** GIVEN INFORMATION follows **

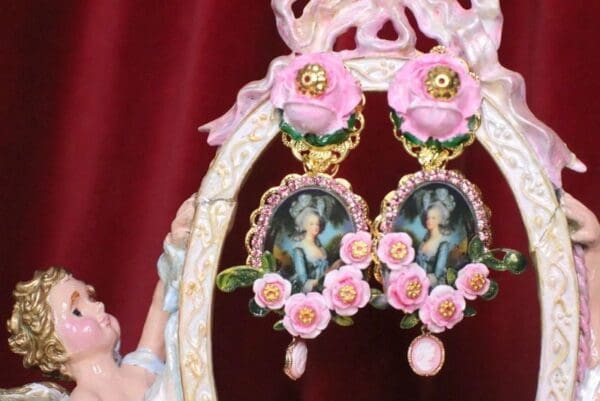 SOLD! 6924 Marie Antoinette Pink Roses Cameo Flower Elegant Earrings - Image 2
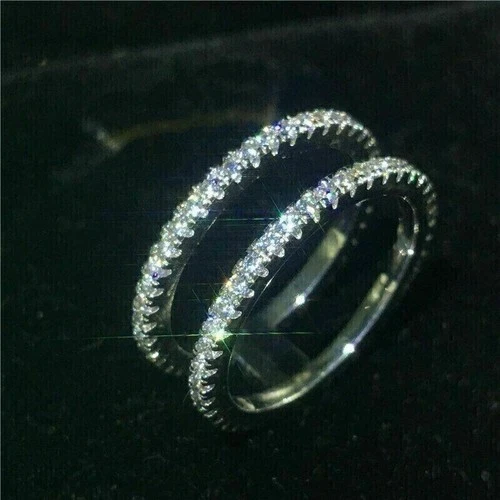 D Color Moissanite Eternity Band 925 Silver Stackable Wedding Ring Size 7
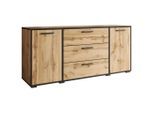 P & B , Eiche Wotan , Holzwerkstoff , 3 Schublade(n) Schubladen , 150x68x40 cm , FSC , stehend , Kleinmöbel, Kommoden, Sideboards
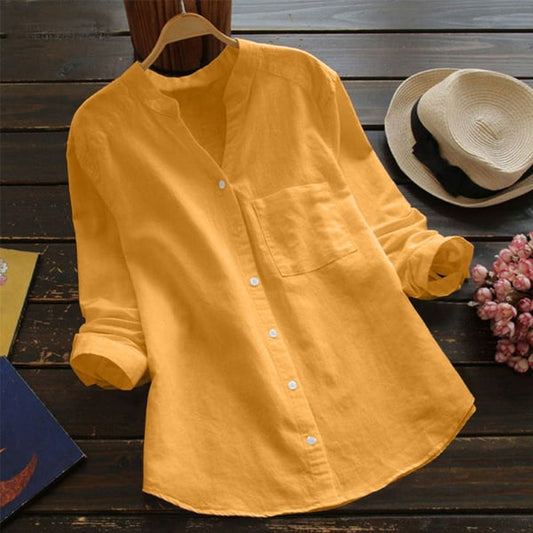 Camisa de linho feminina com mangas longas e gola mandarim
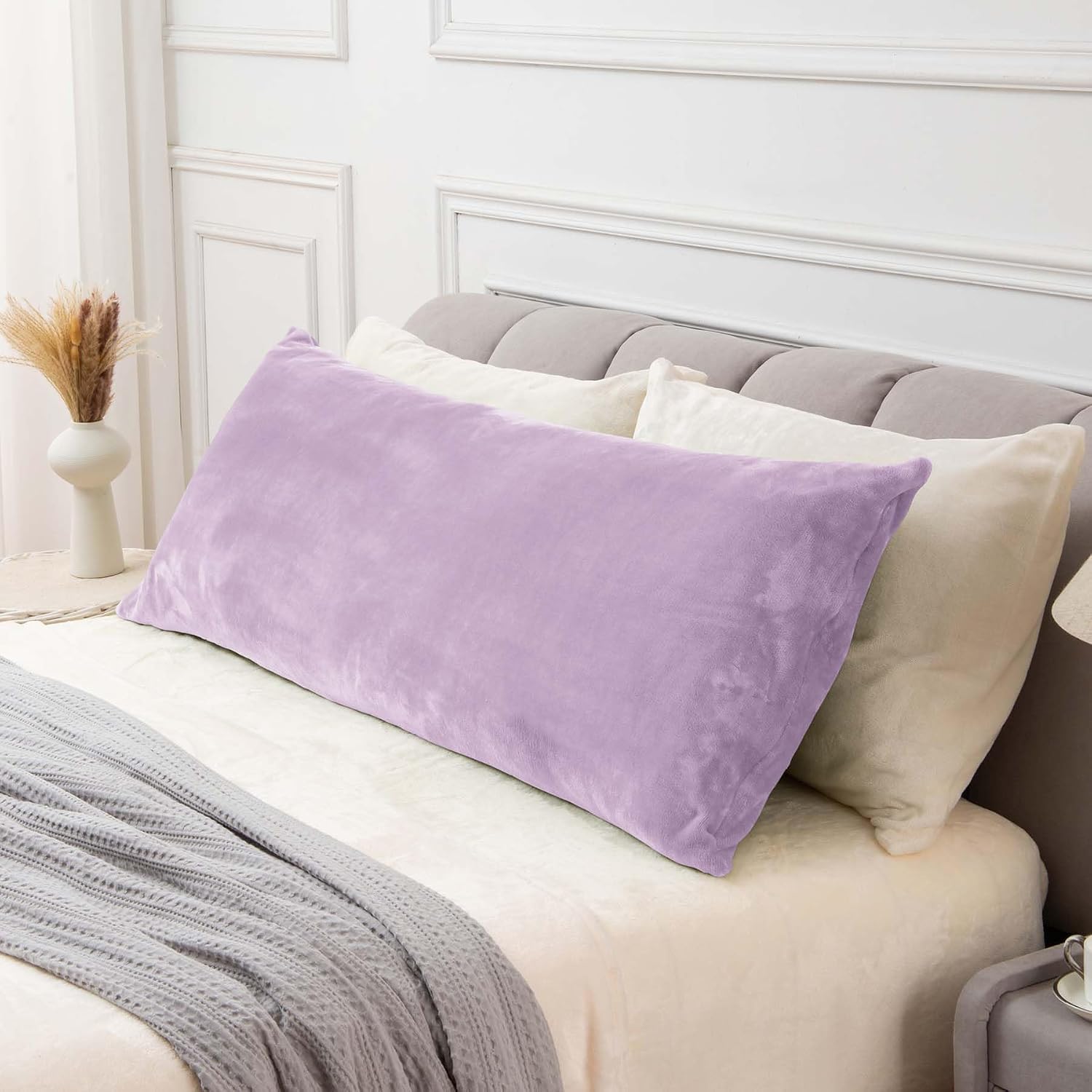 Bedelite Body Pillow Cover with Zipper Closure, Super Soft and Cozy Fuzzy Fleece Pillowcase 20 x 54 Inches, Luxury Fluffy Plush Long Body P…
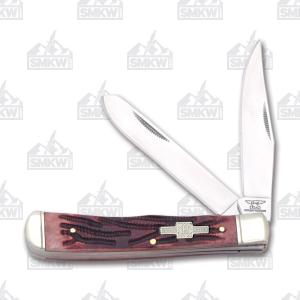 Rough Rider Stag Bone Trapper 4.125" with Stag Bone Handle and Satin Finish 440A Stainless Steel Blades Model RR154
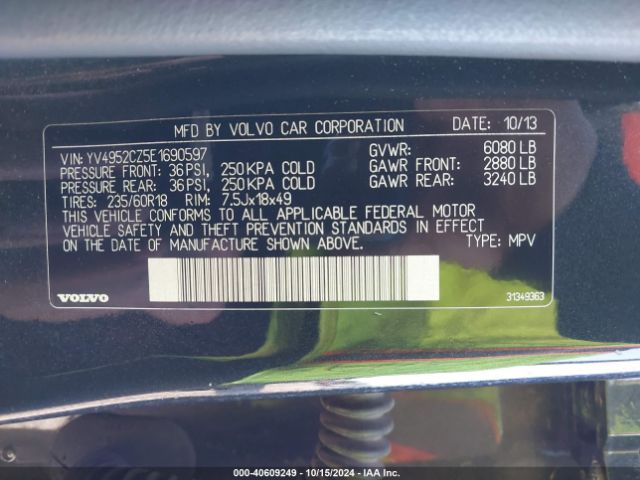 YV4952CZ5E1690597 Volvo Xc90 3.2 Platinum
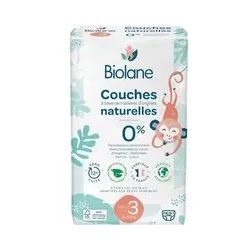 Biolane - Couches Naturelles Taille 3 Ultra-Absorbant Pas de Fuite 52 unités Bandage(S) pc(s)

** End of GIVEN INFORMATION **

## [ASSIGNMENT]
Take the line that contains "P & B , Eiche" as the first and the last line of the records as the end, and please quote those lines exactly, pictures omitted.

## [ANSWER TO THE PROBLEM]
 P & B , Eiche Wotan , Holzwerkstoff , 3 Schublade(n) Schubladen , 150x68x40 cm , FSC , stehend , Kleinmöbel, Kommoden, Sideboards
 Camisa de linho feminina com mangas longas e gola mandarim
 Bedelite Body Pillow Cover with Zipper Closure, Super Soft and Cozy Fuzzy Fleece Pillowcase 20 x 54 Inches, Luxury Fluffy Plush Long Body P…
 Rough Rider Stag Bone Trapper 4.125" with Stag Bone Handle and Satin Finish 440A Stainless Steel Blades Model RR154
 YV4952CZ5E1690597 Volvo Xc90 3.2 Platinum
 Biolane - Couches Naturelles Taille 3 Ultra-Absorbant Pas de Fuite 52 unités Bandage(S) pc(s)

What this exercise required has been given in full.